Cities, however, usually want to work with neighborhoods about parking issues. Willson describes how some neighborhoods – like Melrose and those surrounding UCLA – are receiving parking meter revenue for community improvements, a practice that has been successfully done in Boulder, CO. “It’s a good idea and I’d like to see more neighborhoods embrace it,” he says pointing to the nightmarish parking around the retails area of Sunset Boulevard in Silver Lake.
Willson is equally impressed with the example of Old Town Pasadena, which built parking structures within the fabric of its trendy shops and restaurants. Here, people would know directly where to park in an easy and efficient manner.
Parking lots, in general, can be a waste of land especially if they only serve one purpose. Willson shows an aerial shot of the Ontario Mills Shopping Center and the nearby Citizens’ Business Bank Arena. Huge parking lots surround both complexes – space that is wasted when no events take place or when shopping is at a lull. “This was the typical suburban way of thinking about parking,” he says adding that arena folks could have worked with the nearby shopping center to shuttle folks during events.
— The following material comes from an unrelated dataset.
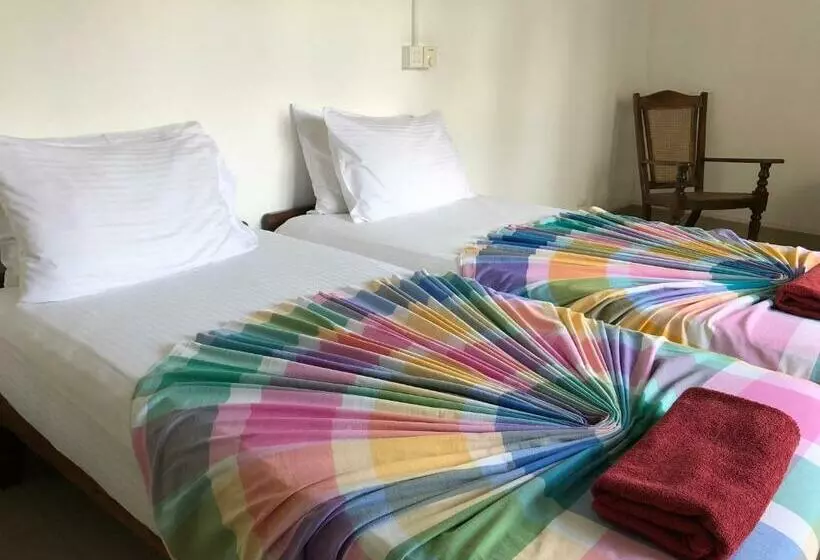 Familienzimmer, Sharon Inn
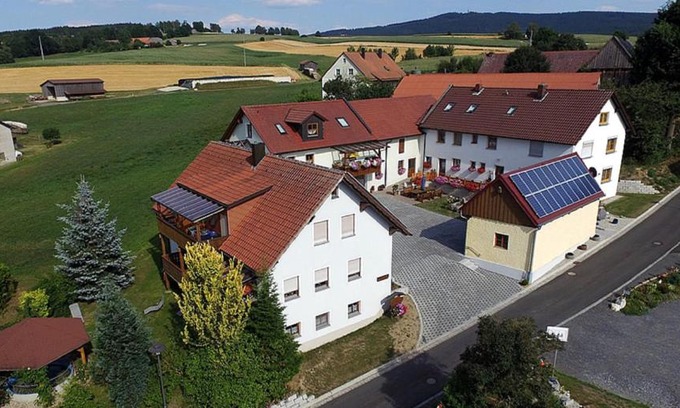 Neualbenreuth Hotel | Gästehaus Weber: Pet-Friendly Retreat with Excellent Ratings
Parking in established older neighborhoods is often mired in antiquated parking requirements. Willson points to South Pasadena as an example of how out-of-touch parking requirements hampered new businesses on Mission Boulevard until that code was recently updated and freed businesses from parking code chains.
Willson sees Los Angeles’ parking codes as being flexible and less demanding, as shown by measures that have allowed the conversion of historic buildings in downtown Los Angeles to residences, and programs to help restaurants open in historic structures in Eagle Rock. Still there is plenty of room for improvement, such as making it easier to build housing for households that do not own cars, especially around transit stations. The city’s Recode LA zoning reform effort will address these parking issues.
Originally from Canada, Willson came to Southern California in 1986 to get his masters at USC in Urban Planning. He’s lived in East Hollywood, El Sereno as well as his longtime home in Mt. Washington. Has he ever experienced frustration in finding parking? “No, not really,” he says with a laugh, explaining that any situation he’s encounter he considered it “all data” and part of his research.
While getting his masters, Willson met Donald Shoup, chair of Urban Planning who later would write his 2005 landmark book “The High Cost of Free Parking.” The book outlined the negative repercussions of off-street parking requirements; Shoup also argues that free parking makes us more dependent on cars, adds to rapid urban sprawl and contributes to a host of economic problems.
Willson says his book takes the next step in Shoup’s ideas by offering practical pathways for city planners to update, modify and contemporize their own parking requirements.
So far, Willson has been getting good feedback on his book. He’s presented an overview to city planners here locally (Hawthorn and Westminster are moving forward) and he will make similar outreach to New York University and Seattle later this year. A webinar is also in the works.
Before the conversation ends, Willson discusses the future of paid parking in the form of the ubiquitous parking meter. Cities, he says, are seeing good use of meters these days thanks to a federal grant which allowed them to swap out coin-only for the ease of credit card. No more fumbling around for quarters. Swipe and go.
Technology won’t stop there, says Willson. He’s seen the future and in the works are meters that — via smartphones – can contact you when the meter is going to expire. In addition, you could then pay for addition time on the meter remotely with your smart phone thus extending your evening at your favorite restaurant or bar.
“It’s all about making parking easier for everyone,” he says. But, as he said earlier, it won’t be free.
Brenda Rees is a writer and resident of Eagle Rock.